Geschäftsführerhaftung für Kartellbußgelder und Aufklärungskosten
Verletzen Geschäftsführer oder Vorstandsmitglieder ihre organschaftlichen Pflichten, sind sie dem von ihnen vertretenen Unternehmen nach § 43 Abs. 2 GmbHG oder § 93 Abs. 2 S. 1 AktG zum Schadenersatz verpflichtet. Ob das auch dann gilt, wenn der Schaden darin besteht, dass gegen das Unternehmen eine Kartellbuße verhängt wird oder eine solche Buße jedenfalls ernsthaft droht, ist allerdings umstritten. Die Frage, ob eine solche Schadenersatzpflicht bei Kartellbußen vielleicht sogar gegen das Europarecht verstieße, hat der BGH nun dem EuGH zur Vorabentscheidung vorgelegt (BGH, Beschluss vom 11.02.2025, KZR 74/23, noch unveröffentlicht).
Sachverhalt
Hintergrund des Verfahrens war ein Preiskartell in der Stahlindustrie. Aufgrund des festgestellten Kartells hatte das Bundeskartellamt gegen eine beteiligte GmbH ein Bußgeld in Höhe von EUR 4,1 Mio. und gegen den Geschäftsführer persönlich in Höhe von EUR 126.000 verhängt. Dies entspricht der Systematik des Kartellrechts, nach der Bußgelder gegen die Handelnden persönlich stets sehr deutlich unter den potenziell verhängten Unternehmensgeldbußen liegen.
Die GmbH argumentierte nun, dass es sich bei der Teilnahme an dem Preiskartell um eine Pflichtverletzung des Geschäftsführers gehandelt habe. Daher verlangte sie von ihm Ersatz sowohl des verhängten Bußgelds als auch der IT- und Anwaltskosten, die im Laufe des Ordnungswidrigkeitenverfahrens für die Rechtsverteidigung der GmbH entstanden waren.
Entscheidungsgründe
Das LG und OLG Düsseldorf hatten die Klage abgewiesen. Sie argumentierten mit einer weitverbreiteten Ansicht in der Literatur, dass es dem Sinn der Kartellbußgelder widerspräche, wenn das Unternehmen sich insoweit an dem handelnden Organmitglied schadlos halten könnte. Die abgestufte Höhe der Bußgelder gegenüber Unternehmen und persönlich Handelndem zeige, dass gerade nicht das Organ persönlich getroffen werden solle. Auch werde der Abschreckungseffekt der Unternehmensgeldbuße deutlich gemindert, wenn die Gesellschaft die Bußgeldlast auf einen Dritten abwälzen könne; dies erst recht, wenn – wie häufig – der Geschäftsführer eine Managerhaftpflichtversicherung unterhält und daher letztlich eine Versicherung einstandspflichtig sein kann.
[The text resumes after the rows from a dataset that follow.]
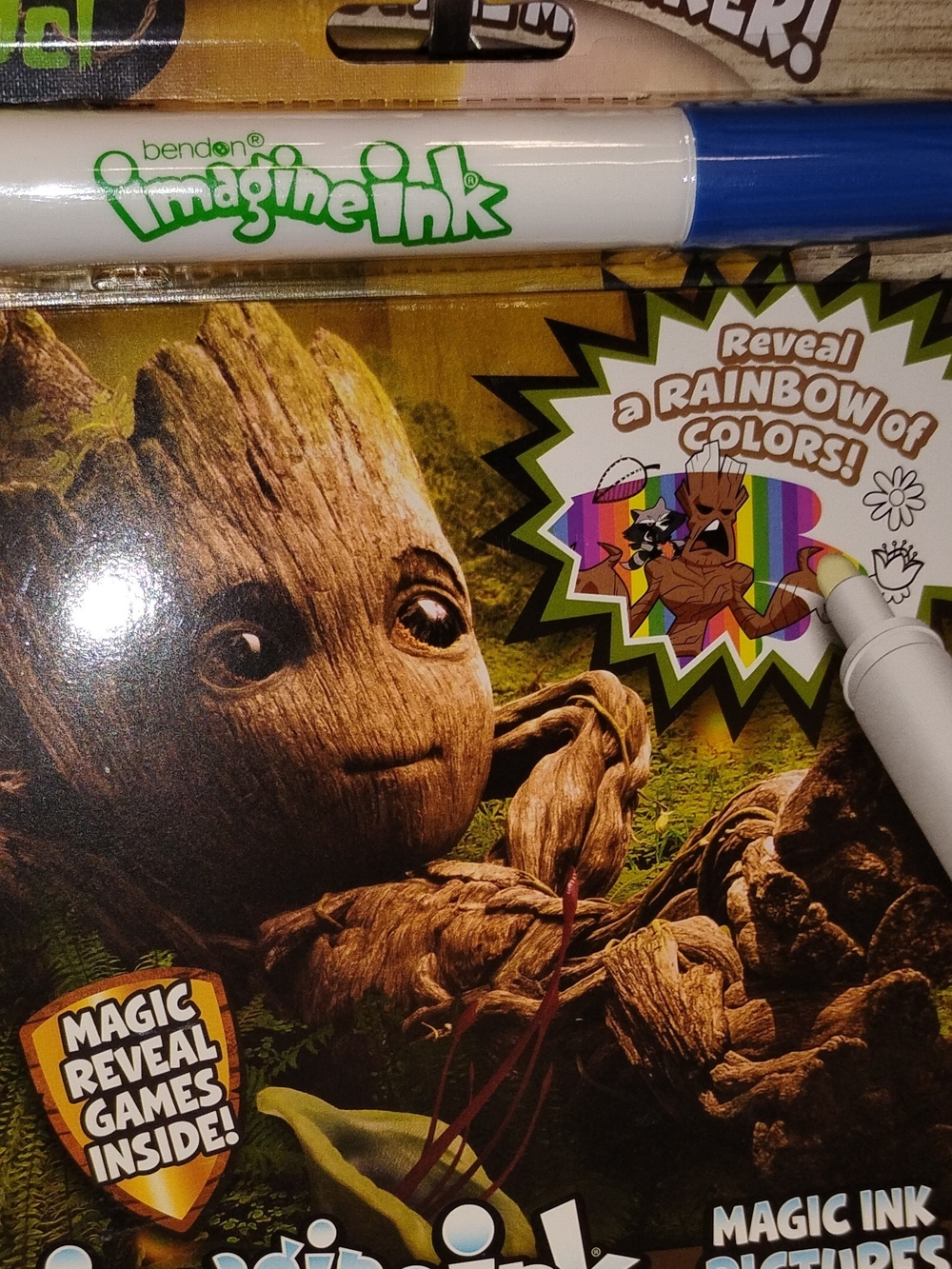 Imagine Ink Groot Magic Reveal Marker Set - Blue -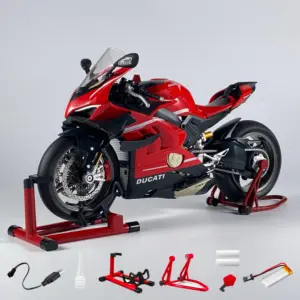 Ducati V4 Diecast Motorcycle Model 1:6/7 Scale 18 S1e83435e65104bf1b2cfe00f40f1ffb72 2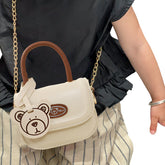 Trendy Crossbody Sling Backpack for Kids (off White)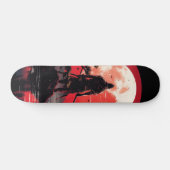 Skateboard Samurai Japonés Vigilando En La Noche スケートボード (横)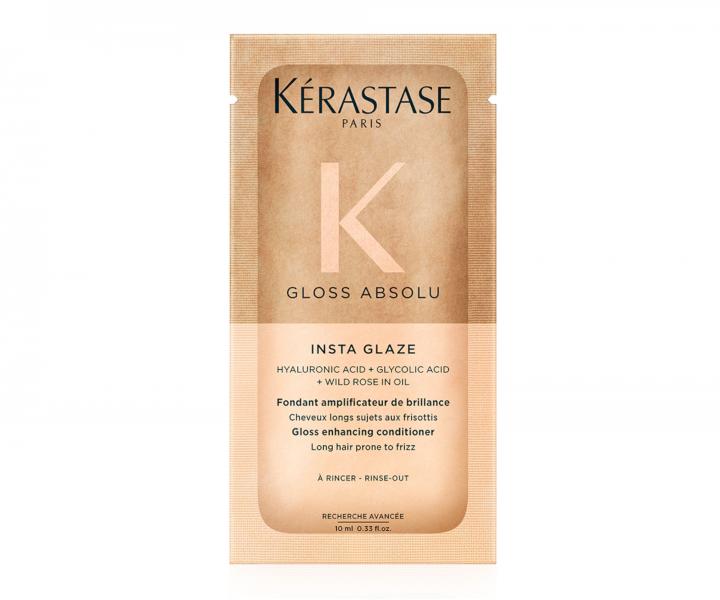 Hydratační a rozjasňující péče pro vlasy se sklonem ke krepatění Kérastase Gloss Absolu Insta Glaze - 10 ml (bonus)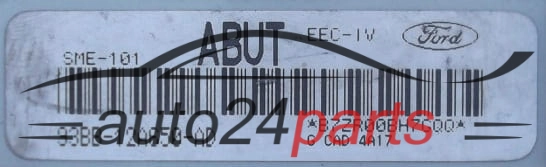 ecu engine control module FORD MONDEO 1.6 16V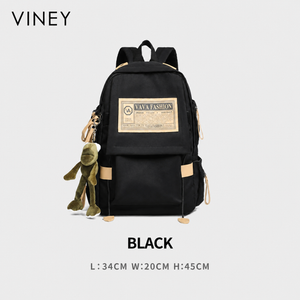 VINEY Everyday Canvas Large Capacity Laptop Backpack — English product image 7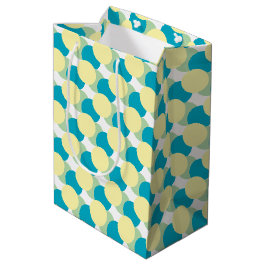 Gift Bag - Pastelcirkels Overlapping Medium Cadeauzakje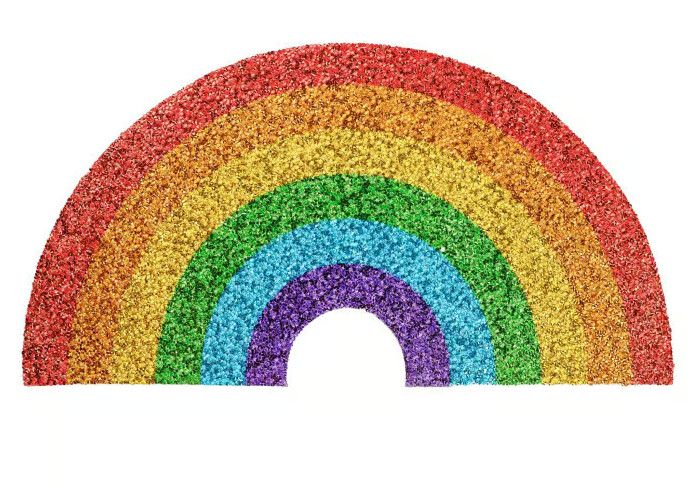 Luminous Rainbow Placemat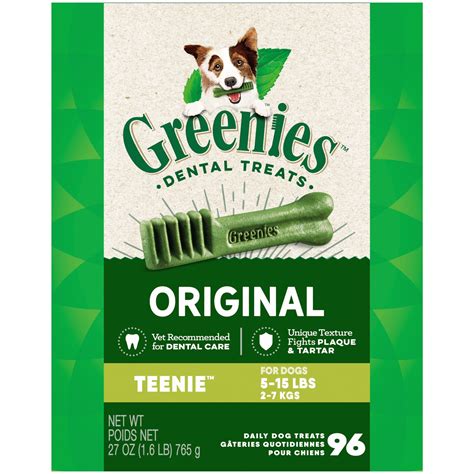 Greenies Original Regular Natural Dog Dental Care Chews Oral Health Dog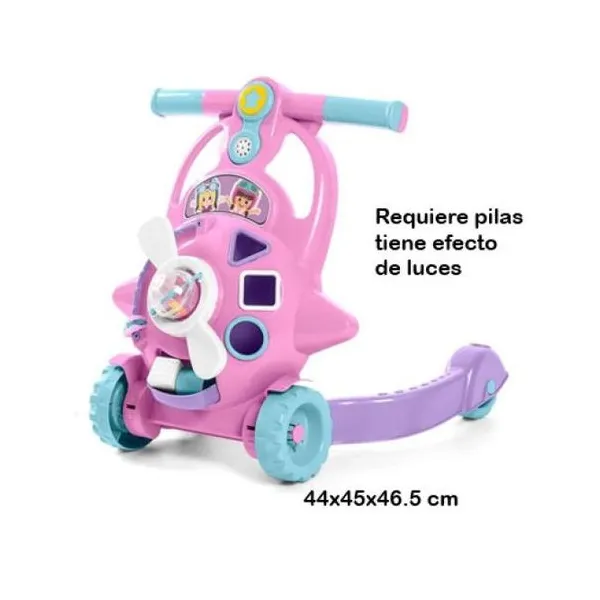 Bebé aviador rosa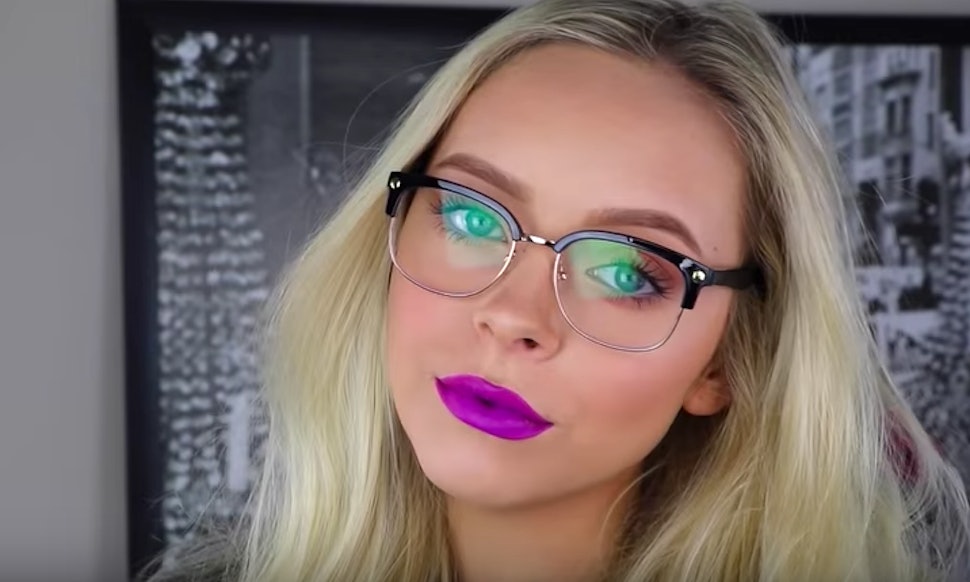 Revolve with glasses makeup prom online With glasses makeup prom pockets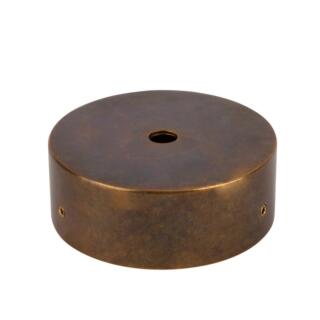 Brass IP Wall Plate 8.5cm, Two-Part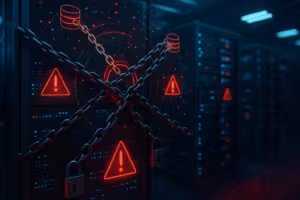 Datenbank-Deadlock-Visualisierung mit zirkulären Abhängigkeiten zwischen Transaktionen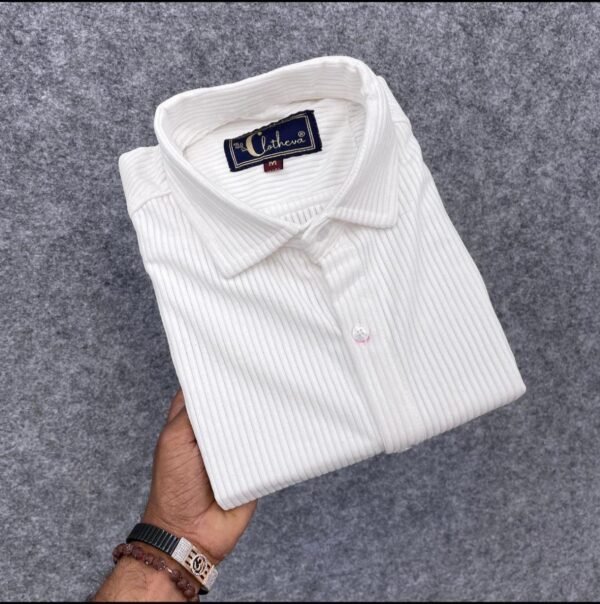 Exclusive Half Sleeve Shirt [White] - Image 2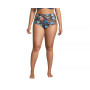 Women's Plus Size Tummy Control High Waisted Bikini Swim Bottoms Print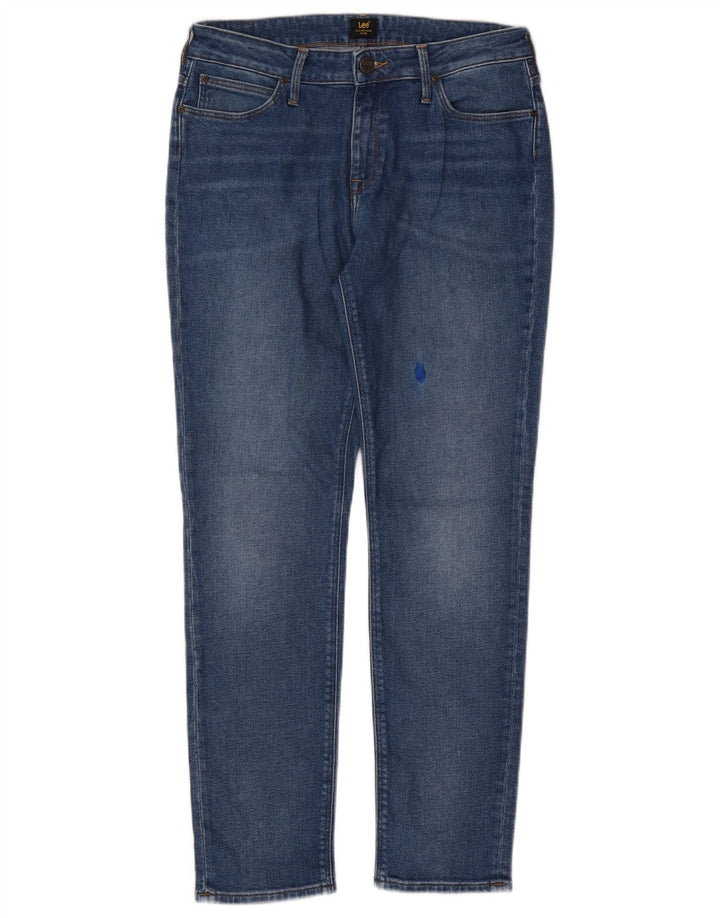 Lee Womens Elly Slim Jeans W31 L28 Azul Algodão Clássico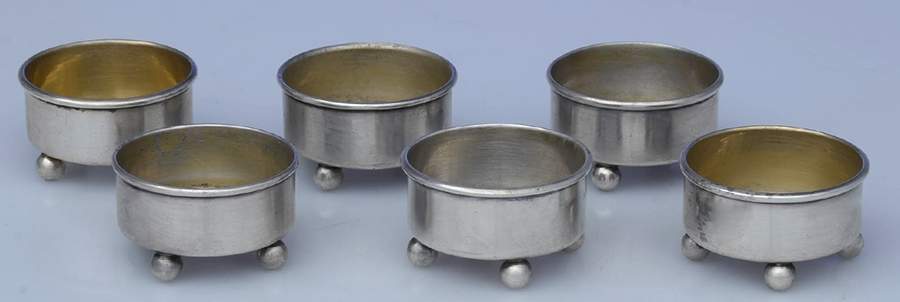3403 (Sterling, Hollowware) Individual Open Salt No Liner (Set of 6) by Tiffany & CO SILVER-1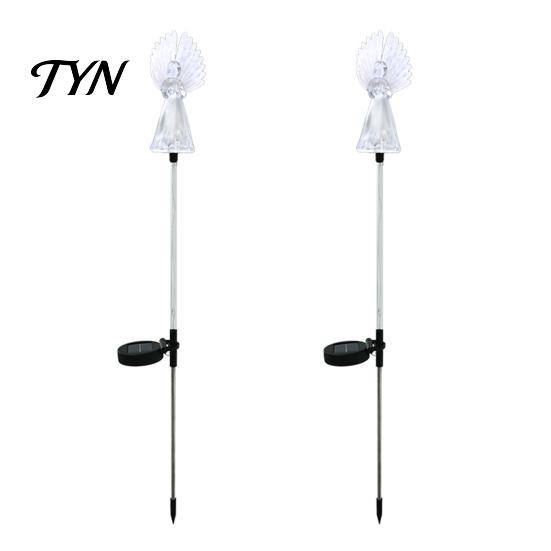 Weatherproof Angel Figurines Solar Garden Light, LED Yard Stake Waterproof Statue for Cemetery Memorial Decorative Lamp Graveyard Patio Lawn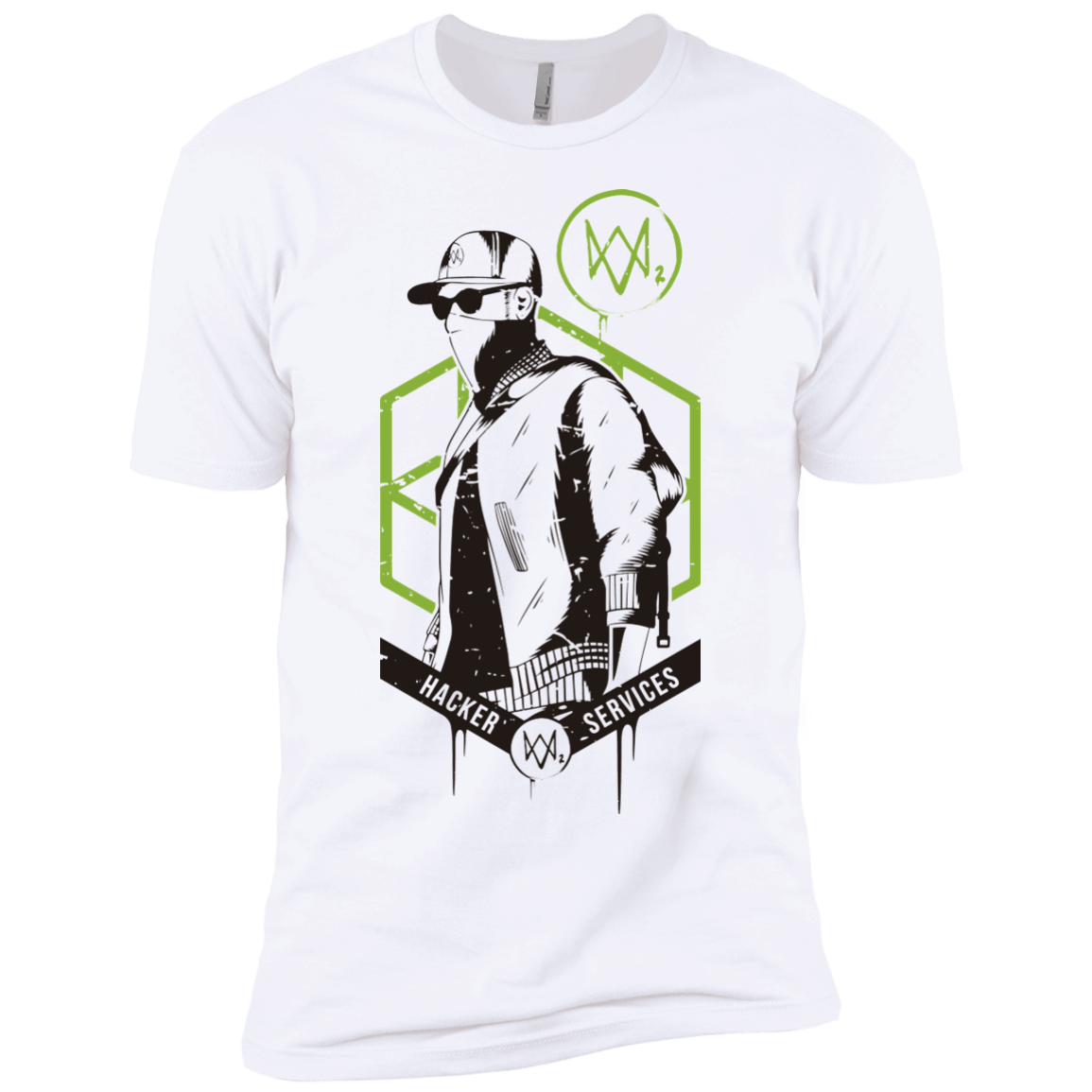 T-Shirts White / YXS Watch Dogs 2 Hacker Services Boys Premium T-Shirt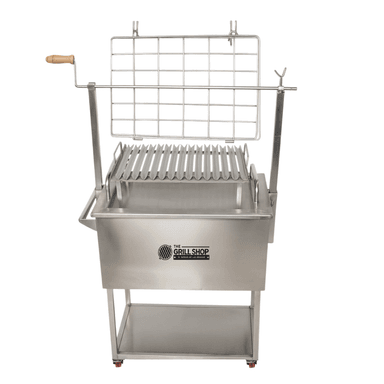CAJA GRILL SHOP CHINA GRANDE 3 EN 1 FULL ACERO INOXIDABLE - 6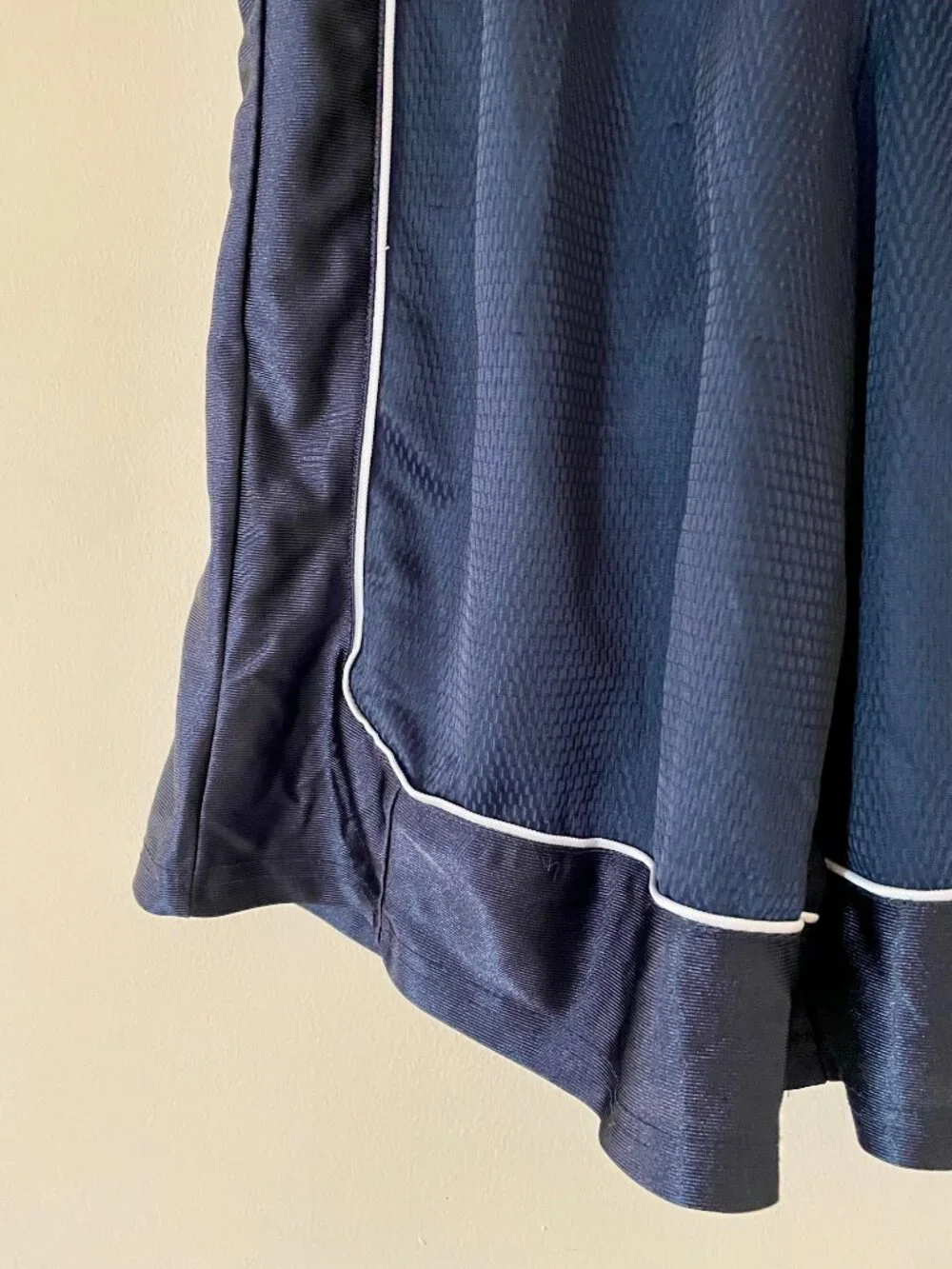 athletech. Navy Blue polyester shorts, Athletic shorts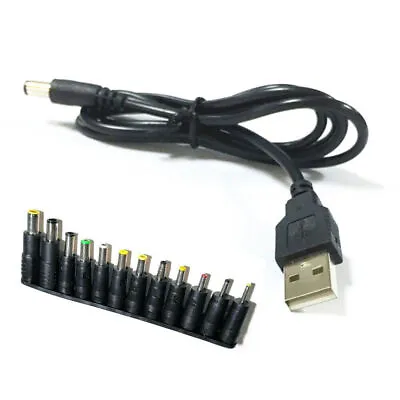 5V USB To DC Power Cable Jack Charging Cable Power Cord Plug Connector Adapter • $10.98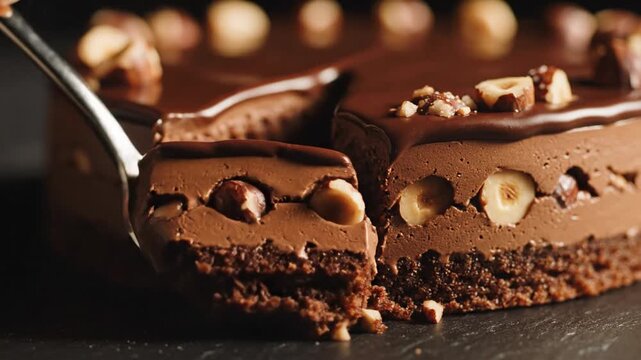 Brownie or Fudge Indulgence Close-Up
Der BGH hat die eigene Ansicht zu dieser Frage zunächst offengelassen und dem EuGH die Frage vorgelegt, ob ein Regress des Unternehmens in einer solchen Konstellation europarechtswidrig wäre. Der EuGH hatte bereits betont, dass die Mitgliedstaaten sicherstellen müssen, dass die nationalen Wettbewerbsbehörden wirksame, verhältnismäßige und abschreckende Geldbußen gegen Unternehmen verhängen können, wenn diese vorsätzlich oder fahrlässig gegen das Kartellverbot in Art. 101 AEUV verstoßen. Bereits die steuerliche Absetzbarkeit einer Geldbuße sei geeignet, den abschreckenden Effekt erheblich herabzusetzen. Vor diesem Hintergrund legt der BGH dem EuGH die Frage vor, ob auch die Regressmöglichkeit geeignet ist, den abschreckenden Effekt zu mindern. Bejaht der EuGH dies, könnte schon aus europarechtlichen Gründen eine Auslegung der deutschen Haftungsregeln in § 43 Abs. 2 GmbHG und § 93 Abs. 2 S. 1 AktG dergestalt zwingend sein, dass ein Regress für kartellrechtliche Geldbußen und damit zusammenhängende Aufklärungs- und Rechtsverteidigungskosten nicht zulässig ist.
Praxishinweis
Bußgelder, Aufklärungs- und Rechtsverteidigungskosten in Kartellverfahren erreichen oft hohe Beträge. Von der Entscheidung des EuGH wird es abhängen, ob diese von den Unternehmen oder den handelnden Geschäftsführern getragen werden müssen. Diese Entscheidung des EuGH werden daher nicht nur die betroffenen Unternehmen, sondern auch Geschäftsführer und Vorstandsmitglieder und deren D&O-Versicherer mit Spannung erwarten.